Y la respuesta es: si la Constitución estorba, cambiemos la Constitución…

“Si ustedes aprueban la reforma propuesta van a hacer permanente la militarización del país. Entre más se confunden las funciones de Policía y Ejército, menos seguridad y más violaciones a derechos humanos vamos a tener. No nos engañan, vamos a ver los resultados.
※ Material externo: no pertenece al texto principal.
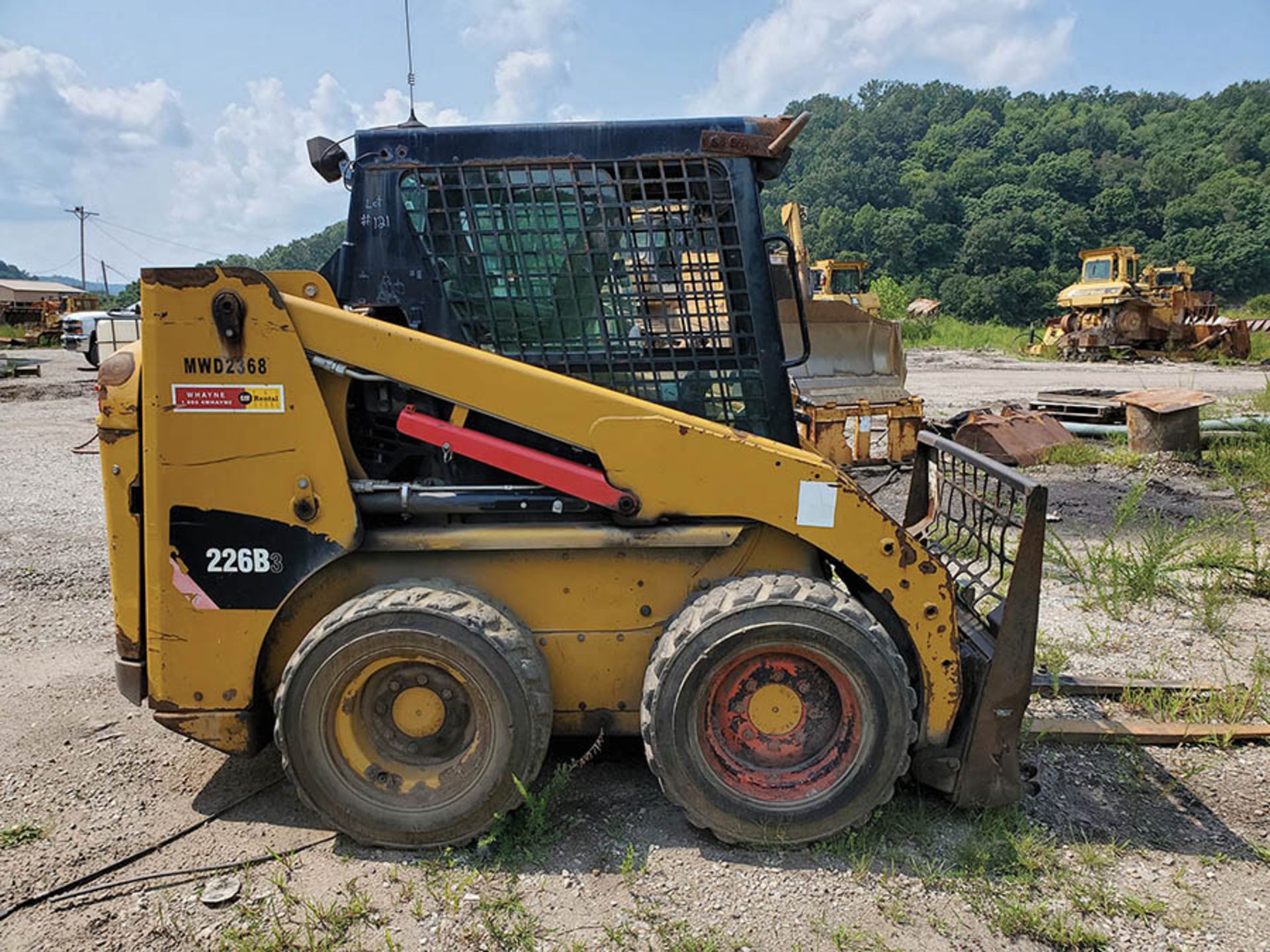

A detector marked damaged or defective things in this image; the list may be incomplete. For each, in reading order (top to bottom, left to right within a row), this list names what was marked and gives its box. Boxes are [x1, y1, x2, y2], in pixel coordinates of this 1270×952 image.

rusty metal debris [952, 410, 1069, 468]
Se van a topar con otro Ayotzinapa, con otro Apatzingán, otro Tanhuato; y cuando lo hagan van a ser corresponsables con Felipe Calderón y Enrique Peña del desastre que estamos viviendo.

“Yo ya estoy muy cansado de traer datos que demuestran que las violaciones de derechos humanos en este país, son las peores en el mundo después de Siria, que el deterioro en las prácticas de nuestros ejércitos es constante y sonante, y aterrador, y que el impacto en nuestras vidas, en nuestra expectativa de vida como ciudadanos, es devastador, y que no se tomen el tiempo y hagan el ejercicio de imaginar, de escuchar cómo se construyen soluciones permanentes para darnos seguridad a los ciudadanos, que lo único que se les ocurra es jugar con las etiquetas, jugar con los nombres y, perdón, jugar con la Constitución, porque eso es lo que esta iniciativa hace”

Si te interesa ver la exposición completa (vale la pena), aquí te dejo el link.

Para que esta iniciativa de la Guardia Nacional prospere en la Cámara de Diputados, requiere de mayoría calificada, es decir de dos terceras partes de los votos, la oposición ha marcado su postura de no apoyarla, espero que por el bien del país la sostengan TODOS, pues a Morena y sus coaligados no les alcanzan sus votos; de hecho, una de sus voces más representativas, la diputada Tatiana Clouthier, quien fuera la coordinadora de la campaña de López Obrador, se manifestó, clara, directa y tajante como ella es, en contra de la iniciativa bajo los términos actuales, esperemos que su reflexión y crítica, contagie a otros al interior.

Todos los argumentos están sobre la mesa y como bien dijo la diputada Martha Tagle, ninguno de los expertos ponentes, ha pretendido defender la iniciativa.

Haber votado por Andrés Manuel López Obrador, no implica que seamos, ni que nos hagamos los ciegos, nuestra responsabilidad debe de ser congruente y seguir señalando los yerros, eso permite que sean susceptibles a la corrección o al perfeccionamiento.

Esta reflexión me lleva a una conclusión sin desperdicio: un voto ciudadano, no es un acto de fe, no se les ocurra seguir pensándolo y actuando en consecuencia.